**EXERCISE OBJECTIVE**
Starting at the line that contains "J32002-104 HAND KNOB" and stopping at the line that contains "Mazda 3 BM 13-17", restate each line of the records below exactly. Omit the pictures.

**ENTRIES SUPPLIED**
★ ★ ★ ★ ★

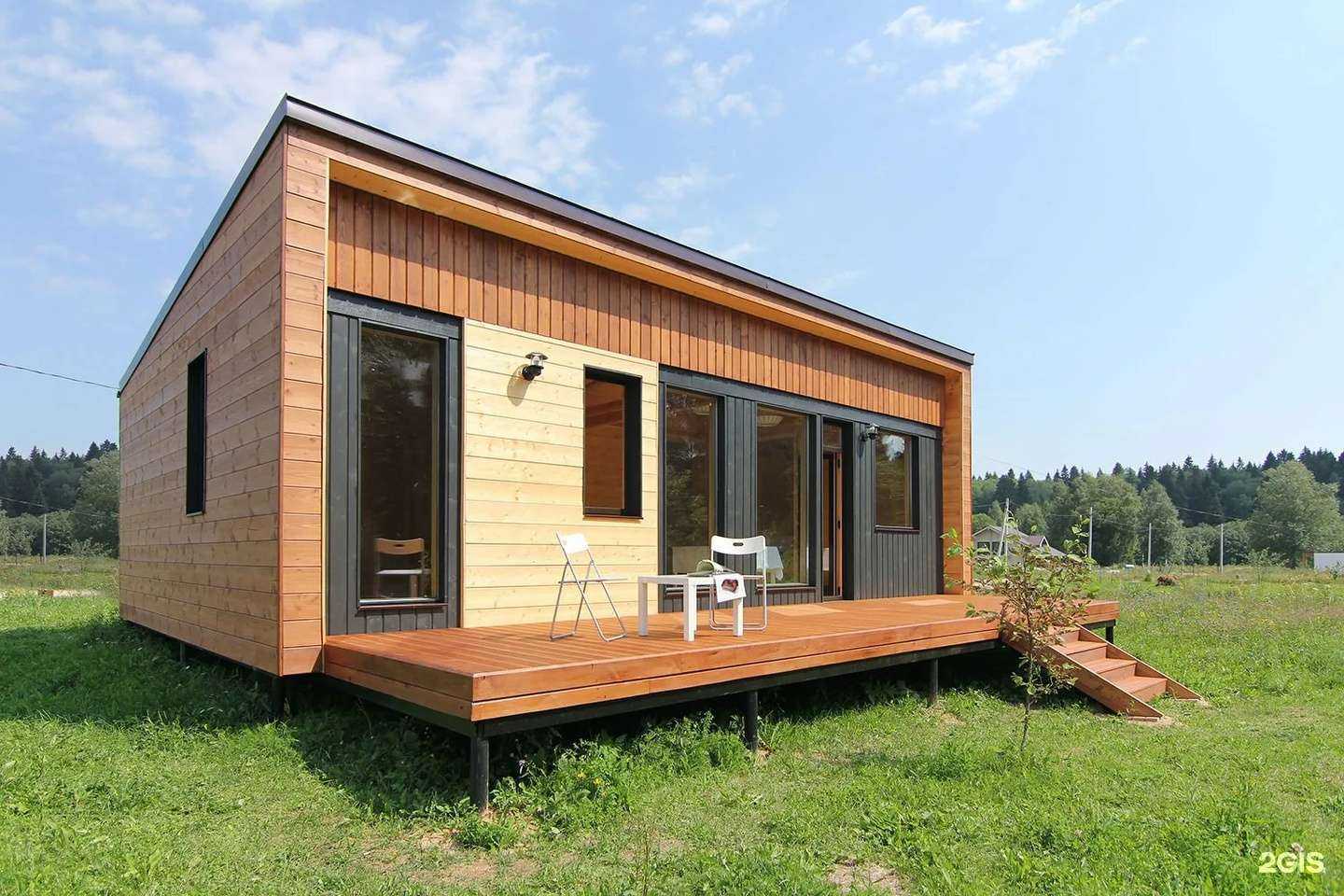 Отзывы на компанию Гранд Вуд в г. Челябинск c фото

★ ★ ★ ★ ★

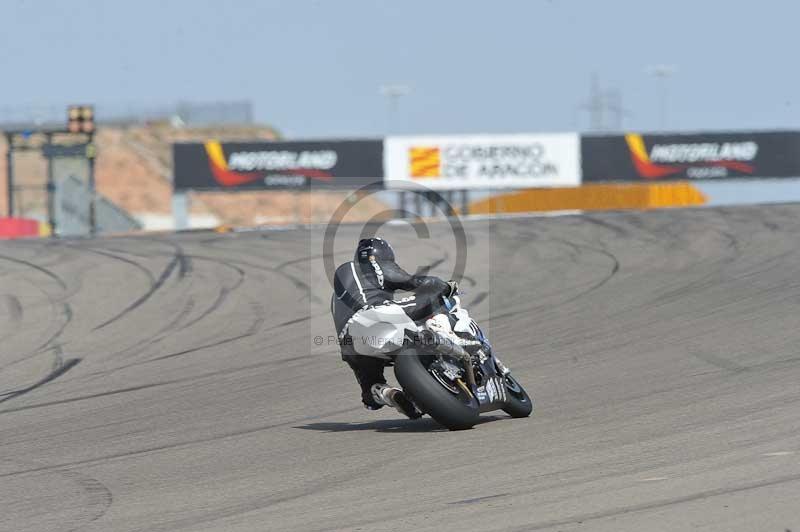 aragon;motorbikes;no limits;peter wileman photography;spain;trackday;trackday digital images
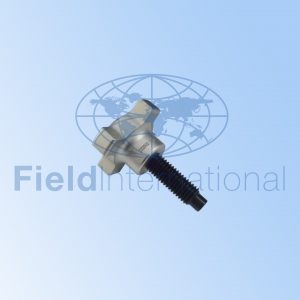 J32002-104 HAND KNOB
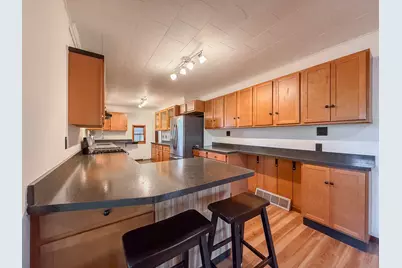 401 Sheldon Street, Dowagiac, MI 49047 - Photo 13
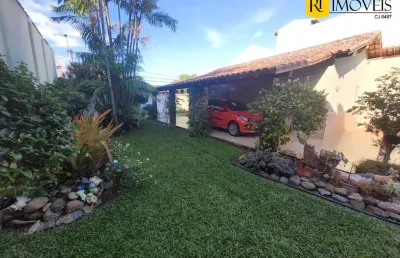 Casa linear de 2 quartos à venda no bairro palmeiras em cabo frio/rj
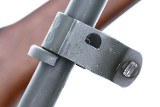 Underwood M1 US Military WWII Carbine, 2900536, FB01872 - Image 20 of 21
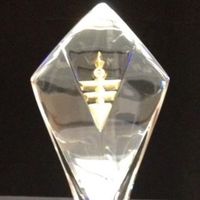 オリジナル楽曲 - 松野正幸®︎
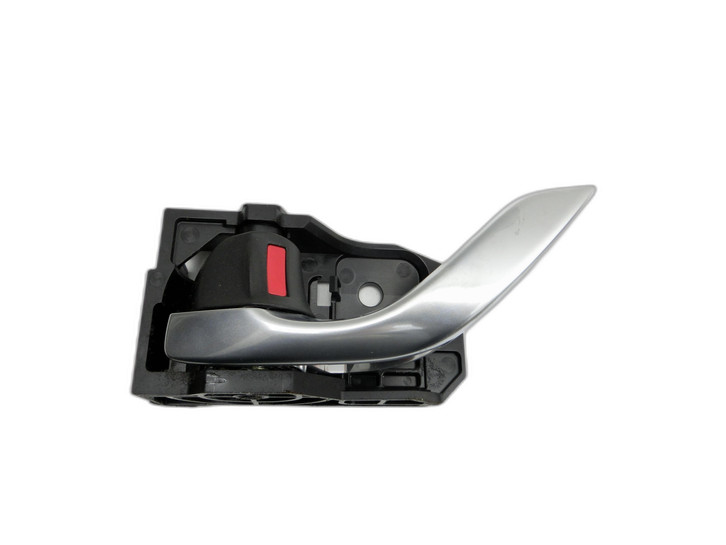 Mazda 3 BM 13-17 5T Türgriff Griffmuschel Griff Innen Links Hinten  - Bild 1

★ ★ ★ ★ ★

**SOLVED PROBLEM**
 J32002-104 HAND KNOB
 401 Sheldon Street, Dowagiac, MI 49047 - Photo 13
 Casa linear de 2 quartos à venda no bairro palmeiras em cabo frio/rj
 Underwood M1 US Military WWII Carbine, 2900536, FB01872 - Image 20 of 21
 オリジナル楽曲 - 松野正幸®︎
 Mazda 3 BM 13-17 5T Türgriff Griffmuschel Griff Innen Links Hinten  - Bild 1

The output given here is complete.